Get ready. Any time politicians say they're worried about raising taxes, your taxes are going up.
In a Chronicle story Monday, Columbia County commissioners said things like this: "I'm hoping that we're going to have enough growth in our (tax) digest to offset the expenses that are coming our way'' (Diane Ford); and, if consolidation doesn't pass, a millage-rate hike might be necessary (Steve Brown); and, finding the money for projects the county needs, without consolidation, would be "gut-wrenching" (Tommy Mercer).
What's really "gut-wrenching"? Taxpayers seeing their taxes climb each year as the county's property values rise. Sure, such an increase in value means a Columbia County home is a good, solid investment; the higher tax bill that results is an acceptable price to pay for that investment. But the only way to cash in is to sell out, and many people have no intention of selling their home any time soon.
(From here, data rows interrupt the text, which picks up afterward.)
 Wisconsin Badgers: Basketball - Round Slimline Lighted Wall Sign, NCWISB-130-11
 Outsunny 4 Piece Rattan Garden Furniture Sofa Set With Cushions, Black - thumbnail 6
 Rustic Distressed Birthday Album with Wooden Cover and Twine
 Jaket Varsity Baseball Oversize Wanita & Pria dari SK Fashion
For these folks, especially, it is unthinkable for commissioners to suggest that the rising demands of operating the county are such that we can't survive without squeezing even more money out of the taxpayers.
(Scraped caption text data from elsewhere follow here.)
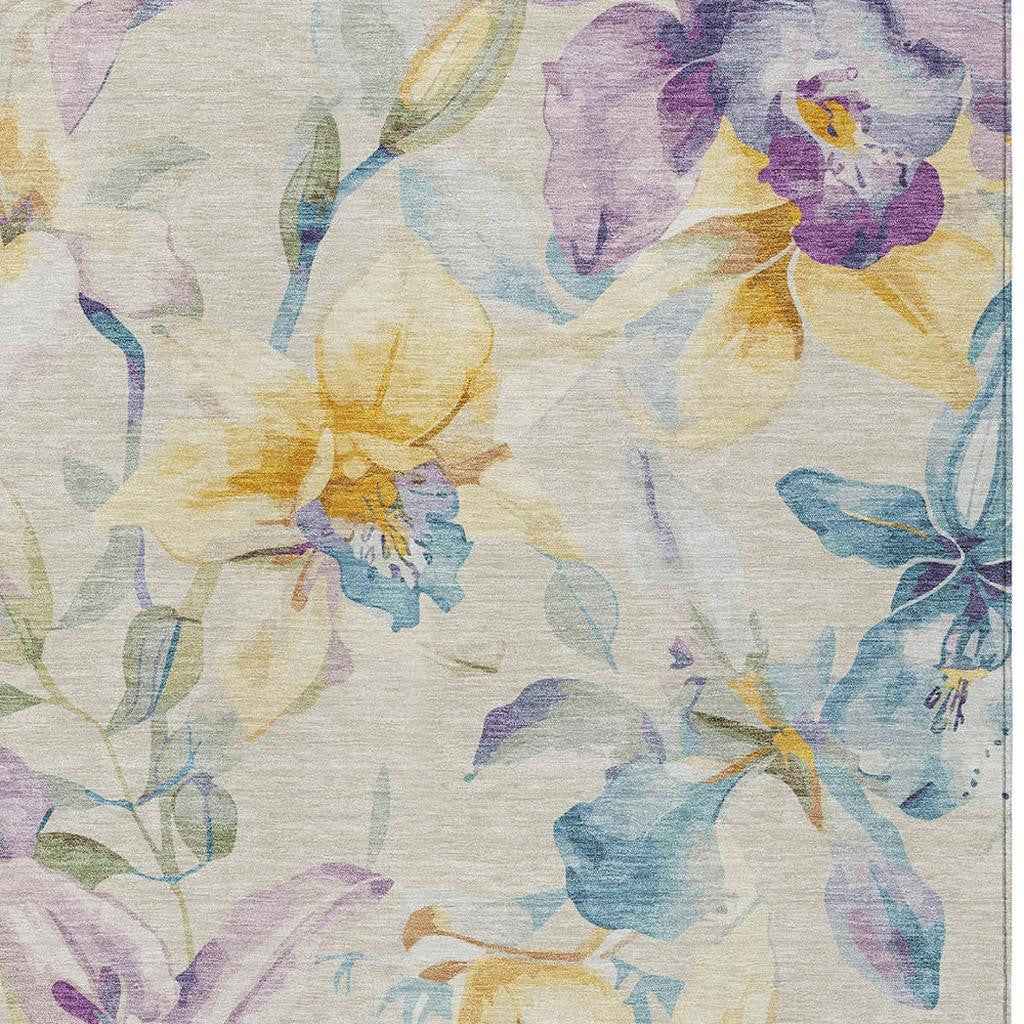 8' X 10' Beige Gold And Lavender Floral Washable Indoor Outdoor Area Rug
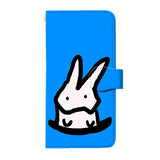 スマホケース 【手帳型】 ハルオサン イラスト / ウサギ（ブルー）（受注生産品）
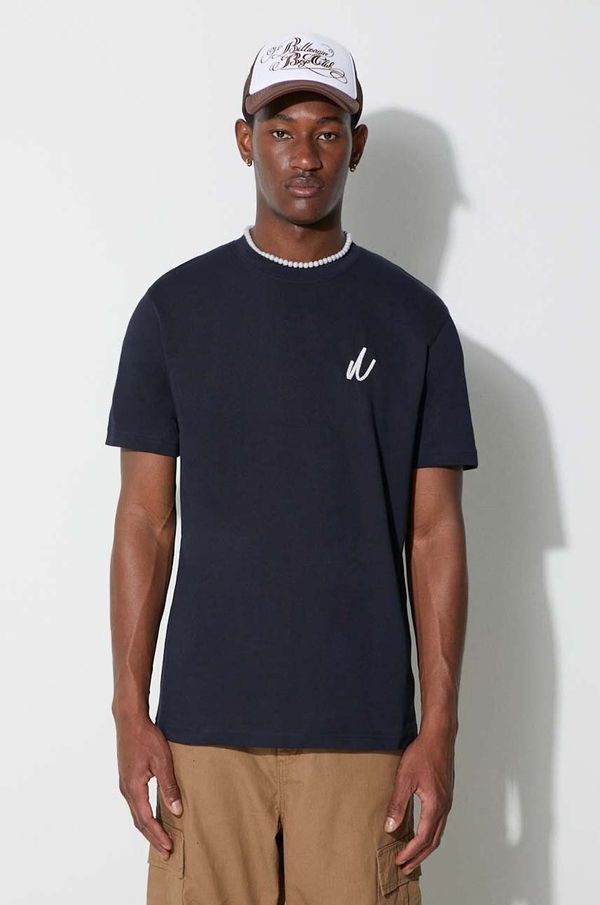 Norse Projects Pamučna majica Norse Projects Johannes Organic Chain Stitch boja: tamno plava, s aplikacijom, N01-0648-7004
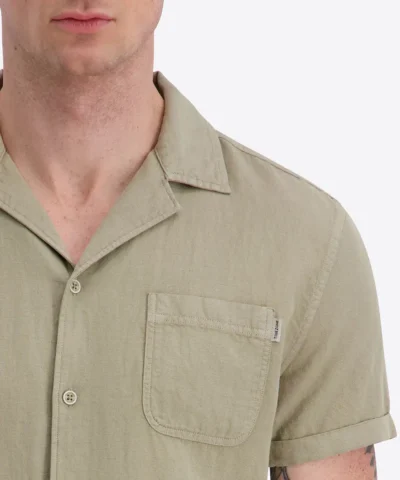 Timezone Linen Blend Shirt Light Khaki image3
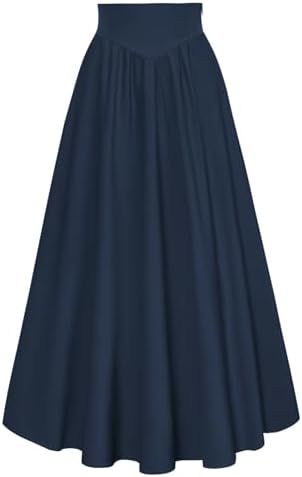 BGDK Cotton Ribbed Panel Skirt for Women - Knee Length Pleated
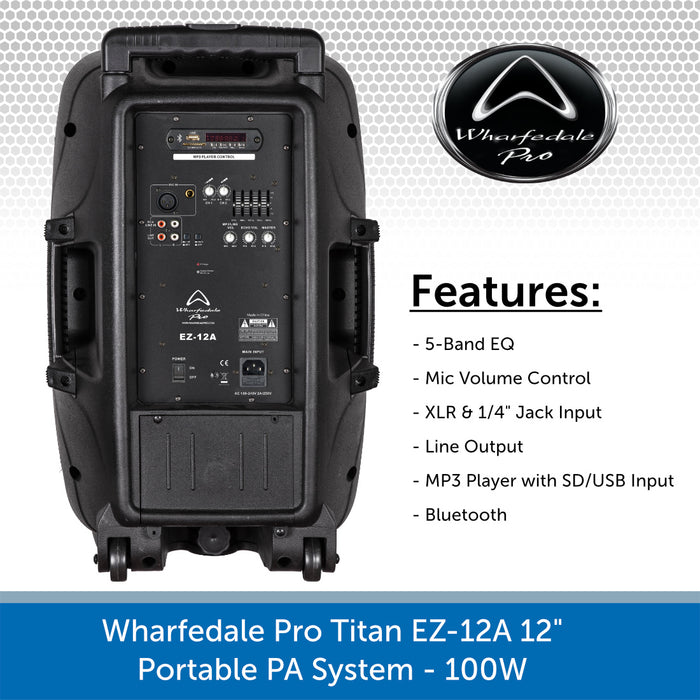 Wharfedale Pro EZ-12A 12" Portable PA System 100W With Dual Wireless Microphones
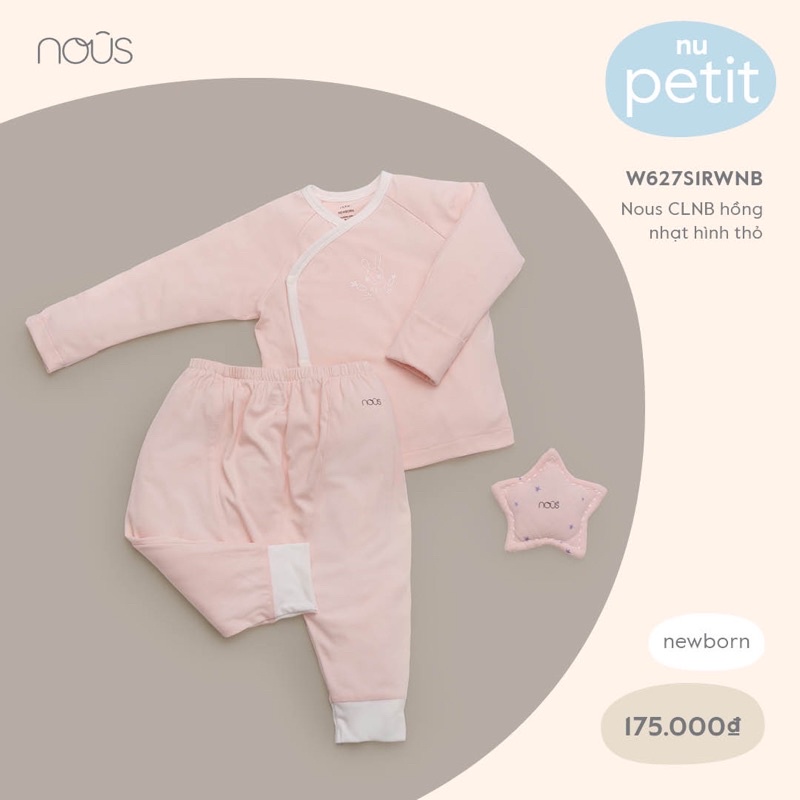 Bộ quần áo sơ sinh cài lệch newborn Nous Petit (3-5.5kg)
Those taxpayers rightly ask: What happened to the money from the stormwater utility fee? What about the new fire tax? And why hasn't the county imposed impact fees on developers?
Taxpayers have had enough. Columbia County's growth is good, but it shouldn't come at the expense of the county's current residents; growth should pay its own way.
Before the words "tax increase" ever move from the lips of a single public official, the commissioners must be ready to explain why they haven't done more to prevent the benefits of growth from becoming a burden on everyone who's already here.